After your comments and a little research, I'm ready to order a Nils. 
Do you know where I can order one from?
I found some online at Cabela's


----------



## randymcfishnsfun2 (Dec 24, 2014)

Cabelas. I've been looking at them too.


----------



## laynhardwood (Dec 27, 2009)

Better get them soon boys they go quick once it's ice season. It's an investment that will last a very long time.


----------



## lovin life (Jan 2, 2010)

Thats a very good decision Treeman. It takes a minute to get used to the drilling motion, but once you do , its unstoppable. Just dont bsng it on the ice. I shop Reeds Sporting Goods online alot, they carry them. 

Sent from my SPH-L710 using Tapatalk


----------



## quackpot (May 17, 2009)

I bought a used one last year, I got a good deal. I wish it was a larger size but it would will work great for panfish.


----------



## nixmkt (Mar 4, 2008)

Treeman said:


> After your comments and a little research, I'm ready to order a Nils.
> Do you know where I can order one from?
> I found some online at Cabela's



Sounds like now may be a good time. Sherman51 posted in the Deals section. Cabela's - 10% off plus free shipping thru 9/7. $99 or more.
http://www.cabelas.com/browse.cmd?categoryId=860131080


----------



## Treeman (Nov 23, 2010)

Nice. I'll check it out tomorrow .
Thanks everyone.


----------



## lovin life (Jan 2, 2010)

Quackpot, im sure Minnowhead will take that off your hands is given the opportunity. You get a sled yet Quack ?

Sent from my SPH-L710 using Tapatalk


----------



## Erieangler51 (Sep 24, 2012)

quackpot said:


> I bought a used one last year, I got a good deal. I wish it was a larger size but it would will work great for panfish.

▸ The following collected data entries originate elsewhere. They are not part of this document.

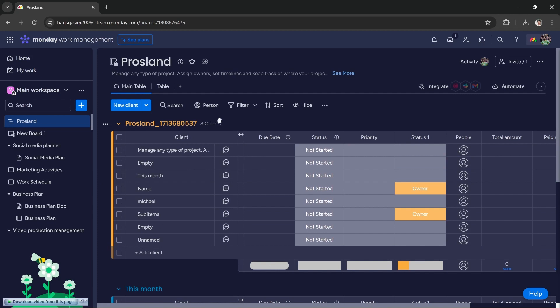That's how you import your clients or database from Excel to monday.com. I hope this tutorial was helpful. We'll see you in the next one, thanks!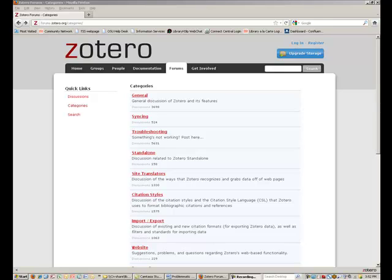or occasionally you will find that your style has been developed and posted to the forum, and for reasons not always clear to me, not to the Style Repository as well. For example, let's do a search for the American Anthropology Association style.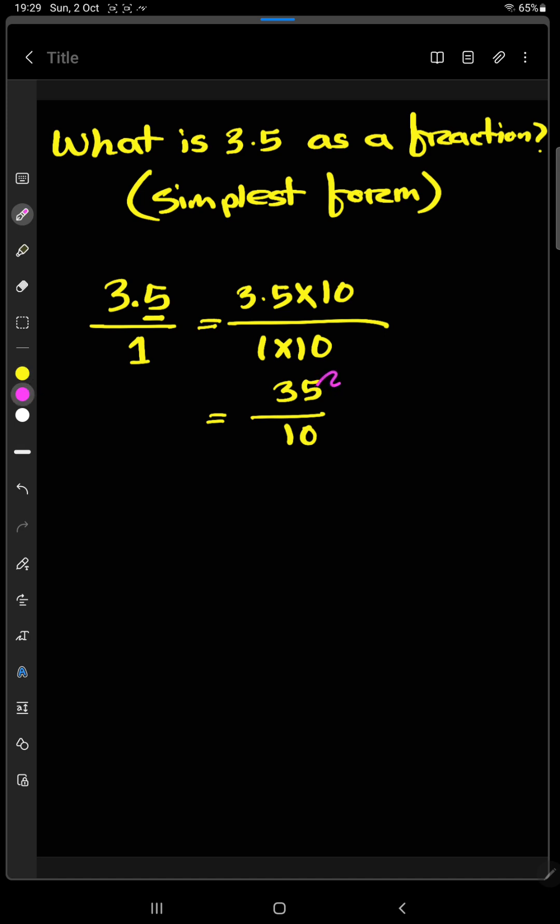Now if we divide 35 with 5, we will get 7 and here we will get 2. So it will be 7 by 2.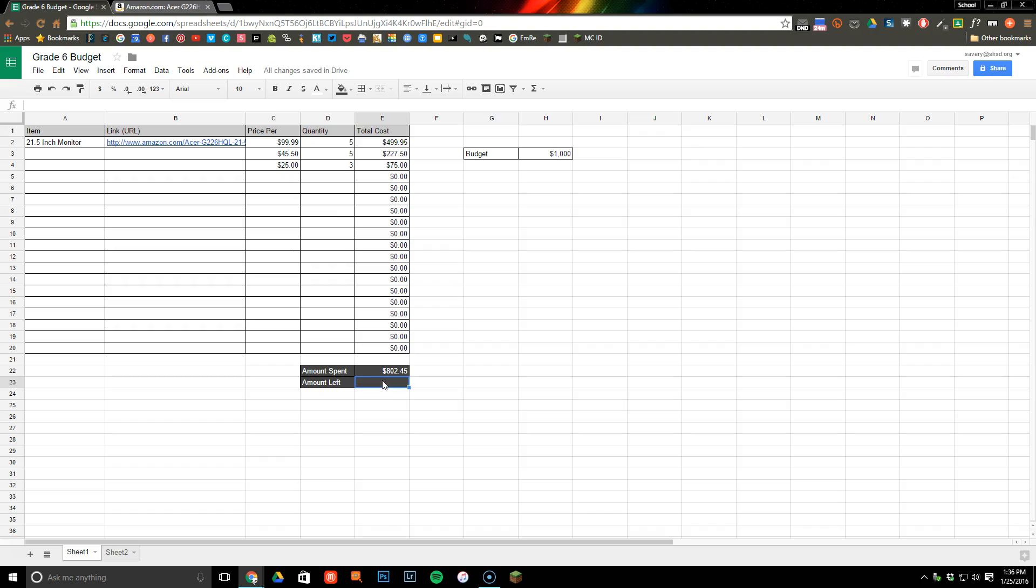is click in the cell that I want to add the formula for, go up to my formula bar and type equals. Then I'm going to select this cell because that's the one I want to start with, h3 which has my $1000, and I'm going to add a minus sign.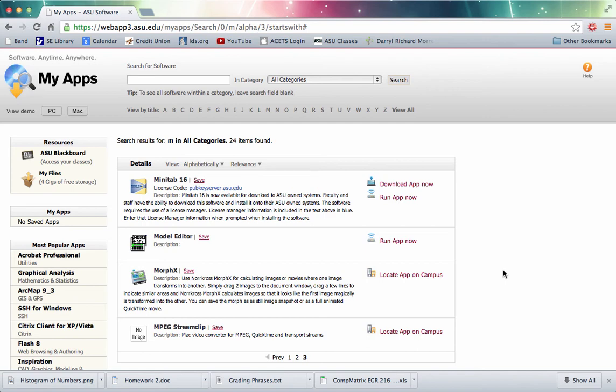Hello and welcome to this video in which we will use Minitab 16 to compute sample statistics for a data set.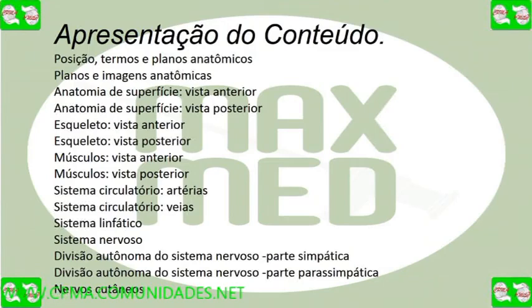Músculos, vista anterior. Músculos, vista posterior. Sistema circulatório.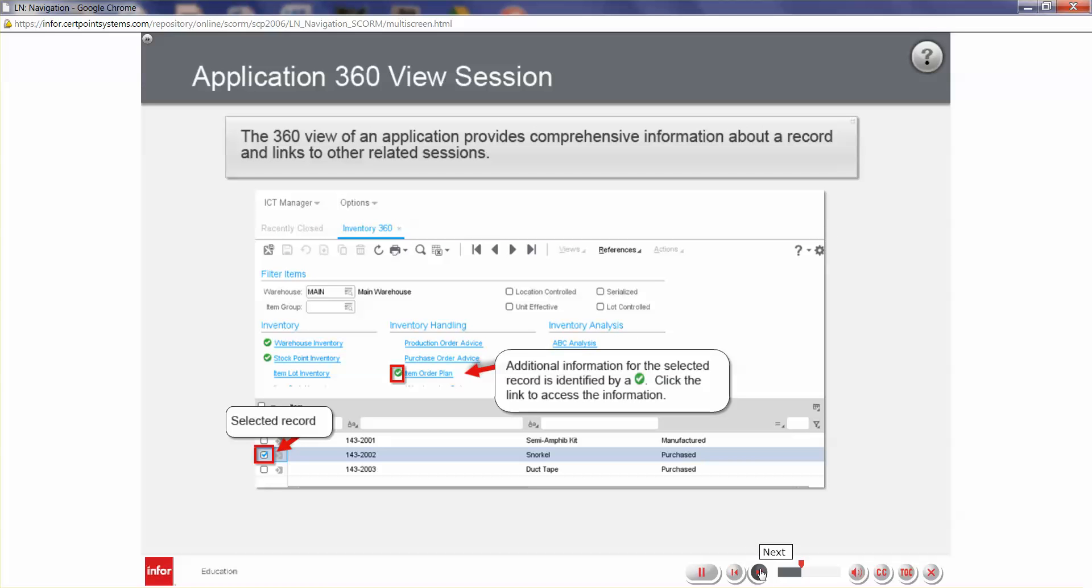An Application 360 View session provides comprehensive information about a record and links to other related sessions. After selecting a record about which you want a 360 view, a check mark in a green circle displays next to categories containing information associated to the selected record. Clicking on these links one at a time displays the associated data.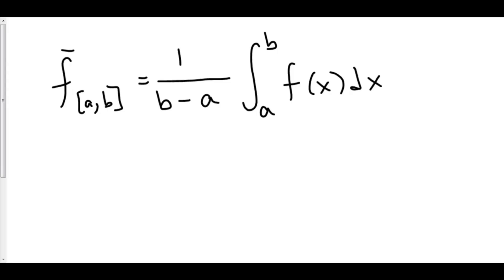Here, we're going to connect the average value of a function with the average rate of change of another function. So take a look.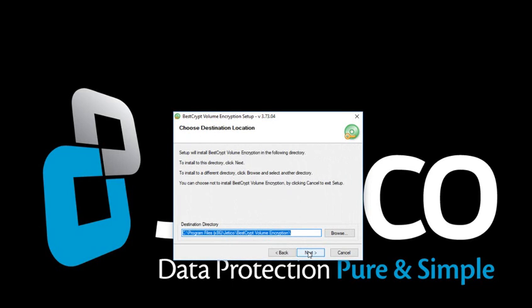Choose Destination Directory. Here we are keeping the default location for installation.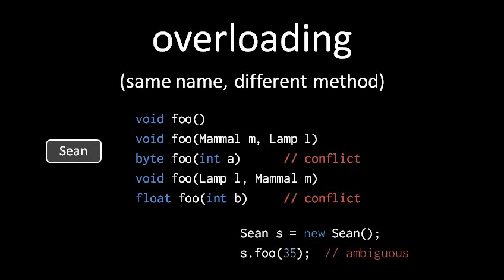So the compiler is going to object if you have any two methods with both the same name and the same list of parameters. Notice though that the compiler doesn't care about the names of the parameters. Only their types, their number, and their order is what matters.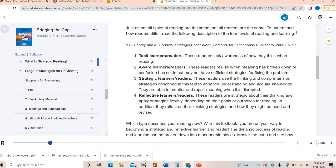Strategic readers know something's not working and use strategies to help fix their understanding. It builds from awareness: I know what I need to do, I'm going to fix my reading. And then we have reflective learners — the highest level of these types of readers. They are able to not only be aware and use strategies, but they also use those strategies in different ways, focus on different purposes, and reflect on their reading to see how things can be revised and fixed. We want to fall in the category of strategic and reflective readers.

What size? I'd be interested as well. Minnowhead is part of team jiffy so he doesn't need it


----------



## quackpot (May 17, 2009)

I haven't got a machine yet, and the niles is a 4" if I remember right I need to deside between a snowmobile and four wheeler. I may have to get a snowmobile for this year and a four wheeler next.


----------



## Minnowhead (Jan 12, 2011)

Erie, Being a member of Team Jiffy is great. You just waive the Jiffy Pro 4 over the ice and the holes magically appear! Only the elite are able to wield its power.


----------



## Erieangler51 (Sep 24, 2012)

Well it's 80 lb power head. No wonder why it cuts so good. Don't need any downforce the power head is enough. U can have quack pots 4" Ray. My fish won't fit up a 4" team jiffy now that's a different story.


----------



## quackpot (May 17, 2009)

I'm not quite ready to get rid of it yet, besides I need to double check the size of it. It's a 6" and it had a extra cut head.


----------



## Minnowhead (Jan 12, 2011)

6" is perfect. Let me know quack pot. Erie, I'm laughing so hard right now!


----------



## Erieangler51 (Sep 24, 2012)

Haha gotta start the trash talking early!!


----------



## Minnowhead (Jan 12, 2011)

And for the record, I completely support your decision to change your name to CaitlynnErieAngler so you can fish the women's ice tournament circuit. No judgment from me....


----------



## Erieangler51 (Sep 24, 2012)

Hahaha there is an erie rider on here. U talking about him? Didn't know they had a women's circuit you must have been looking into it before posting about it. Sure your names not raylynn....


----------



## Minnowhead (Jan 12, 2011)

Editing....


----------



## Erieangler51 (Sep 24, 2012)

All fun n games till someone gets called a women. Sean's the real girl seeing how he won't go out on erie when there's 2 feet of ice


----------



## BIGEYURK25 (Apr 4, 2013)

Treeman said:


> I'm getting ready for hopefully a good ice season. I had a 7" Lazer I sold at the end of the season last winter. I was really happy with it and need to get another one.
> While looking for a cover for the shanty I just ordered, I came across the Frabill 8" hand auger. Curved and straight blade. I was thinking curved. Anyone have one or know someone who does? If they're good I'll kill two birds with one stone and order one.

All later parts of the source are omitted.